Putin declares a big portion of Ukraine—Putin declares it as independent. Oh, that’s wonderful. I said, ‘How smart is that?’ And he’s gonna go in and be a peacekeeper.... We could use that on our southern border. That’s the strongest peace force I’ve ever seen. There were more army tanks than I’ve ever seen. They’re gonna keep peace all right. No, but think of it. Here’s a guy who’s very savvy.
Trump’s response, aside from being wrong—Putin’s invasion is looking more and more like a colossal blunder—reflects Trump’s habitual admiration for strongmen and bullies. What is more disturbing, though, is the support for Putin and Russia coming from a wider swath of the right.

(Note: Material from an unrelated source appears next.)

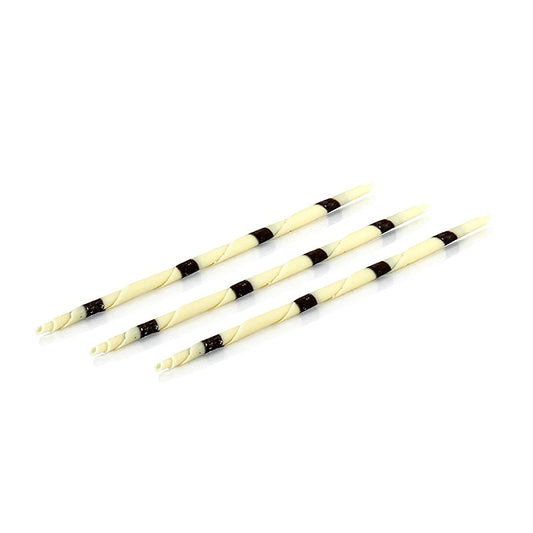 Schokozigarren - XL Pencil, weiß / schwarze Streifen, 20cm, Mona Lisa, 900 g, 115 St - Hauchdünne, aufgerollte Blätter aus feinster weißer und dunkler Schokolade Ideal für Eisbecher und Kaffeetische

Pat Buchanan was quick out of the gate arguing that Putin’s invasion is really our fault because we provoked Russia. The sympathy for Putin and Putinism drips from every sentence: “Putin is a Russian nationalist, patriot, traditionalist and a cold and ruthless realist looking out to preserve Russia as the great and respected power it once was and he believes it can be again.”
Buchanan is old and washed up, but you hear the same thing coming from a younger cohort of internet-native conservative populists like Candace Owens: “I suggest every American who wants to know what’s actually going on in Russia and Ukraine read this transcript of Putin’s address. As I’ve said for months—NATO (under direction from the United States) is violating previous agreements and expanding eastward. WE are at fault.” There is a fine line between American First and Blame America First.
You also hear this coming from prominent Trump sycophants like Steve Bannon. “On a podcast on Wednesday, Stephen K. Bannon, Mr. Trump’s former adviser, also praised Mr. Putin as ‘anti-woke.’ He suggested the Ukrainian conflict was ‘not our fight.’”
J.D. Vance, who is trying to sell his soul to the #MAGA right in exchange for a Senate seat—and failing—joined the chorus: “I think it’s ridiculous that we are focused on this border in Ukraine. I got to be honest with you, I don’t really care what happens to Ukraine one way or the other.” He later backtracked, but this is the kind of situation where you only get one shot at getting it right.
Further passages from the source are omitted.